Jumat, 25 Februari 2011

Pertolongan Tak Terduga

Gerson Poyk
http://www.suarakarya-online.com/

Tiba-tiba telpon genggamku berdering. “Halo ya, saya sendiri,” jawabku.
“Saya dokter dari Klinik Mata Nusantara. Saya, kami, baru saja membaca tulisan tentang Bapak di koran Jakarta Post. Kami ingin mengoperasi katarak Bapak,” “Terimakasih, tapi saya tak punya uang,” potongku.

“Bapak tidak mau? Operasinya gratis,” kata dokter yang mengaku bernama Rudi itu.
“O, mau, mau! Terimakasih banyak!” kataku. “Kalau begitu, besok jam 9 pagi datang ke klinik kami. Kami tunggu.”
Aku menarik nafas lega, terlepas dari tekanan yang bertahun-tahun aku alami. Tekanan batin, sebutlah begitu. Lima tahun yang lalu, mata kananku sudah dioperasi. Biayanya sekitar delapan juta rupiah. Untung anakku yang tertua membiayai semuanya. Tinggal sebelah mataku lagi yang masih belum beres, katarak masih bersemayam di sana.
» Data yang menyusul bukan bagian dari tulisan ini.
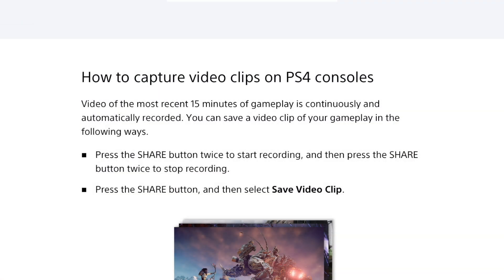So when you start recording, just click the Share button twice. And when you want to stop recording, just do the exact same thing — click the Share button twice — and you will see that the game will record, and then stop recording whenever you're done.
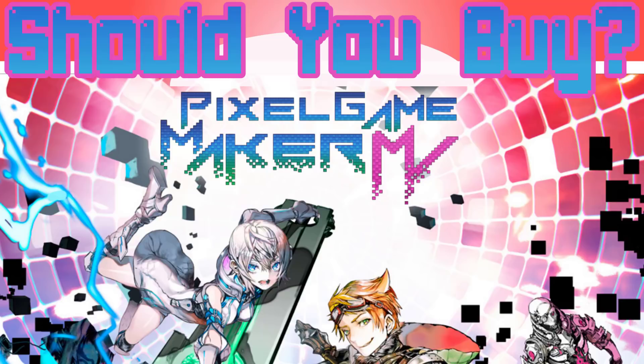Hello everybody, it's Mike here at Game From Scratch, and I'm here to answer a question. Should you buy Pixel Game Maker MV? No. No, you shouldn't. Alright, that's it, that's the end of the video.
Selama lima tahun aku menjadi wartawan freelance bermata satu. Beberapa novel dan ratusan cerpen bisa kutulis dengan mengandalkan benda lembek di bagian depan tengkorak kepalaku.

Bayangkan, betapa kuatnya benda lembek yang bernama mata.Beratus-ratus halaman, berjuta-juta huruf yang sudah kutulis dan kukoreksi dengan satu benda lembek yang bernama mata. Akan tetapi, karena keterbatasan biaya maka aku membiarkan mata yang satu tahun demi tahun tak berfungsi lagi.
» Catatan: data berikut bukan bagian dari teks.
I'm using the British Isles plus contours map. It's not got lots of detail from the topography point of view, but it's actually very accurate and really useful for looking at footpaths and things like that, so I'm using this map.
Aku jadi sedih. Bagaimana jika mata kananku rusak tiba-tiba? Memang, hampir saja mata kananku itu tertusuk besi solder listrik. Ceritanya, pada suatu hari ketika aku memperbaiki alat solder listrik, cucuku mendekat dan memegang-megang alat itu.

Tiba-tiba mulutnya berbunyi dorr sambil ditusuknya alat itu ke mataku. Untung tak kena. Ujung besi solder itu hanya menusuk tulang mataku. Sejak itu, aku harus berhati-hati dengan cucuku yang usianya berada di fase permainan merusak.
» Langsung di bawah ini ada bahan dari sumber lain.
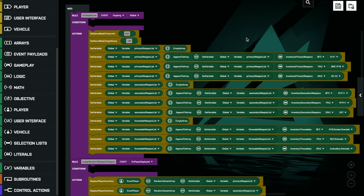For our first example we're going to create a very simple version of a gun roulette type mode. In this mode the player is going to get a new random loadout consisting of a primary weapon, a secondary weapon, and a throwable weapon from a selection we've created. They're going to get that new random loadout each time they spawn in or if they get a kill, so it's going to change every time they get a kill or randomly after a certain period of game time.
Kalau saja mataku tertusuk, gelaplah dunia ini. Aku akan jadi seperti kakak perempuan yang entah mengapa harus hidup dalam gelap selama tiga puluh tahun. Awalnya, katarak akan dioperasi, tetapi menurut anaknya mereka takut karena harus menandatangi surat yang menyebut-nyebut stroke mata dan kematian.

Kakakku lalu diboyong pulang dan sudah tentu cepat atau lambat buta totalah kedua matanya. Akan tetapi saat ini ia sehat-sehat saja di usianya yang ke sembilan puluh. Ia tinggal dengan anak perempuannya dan lima orang cucu.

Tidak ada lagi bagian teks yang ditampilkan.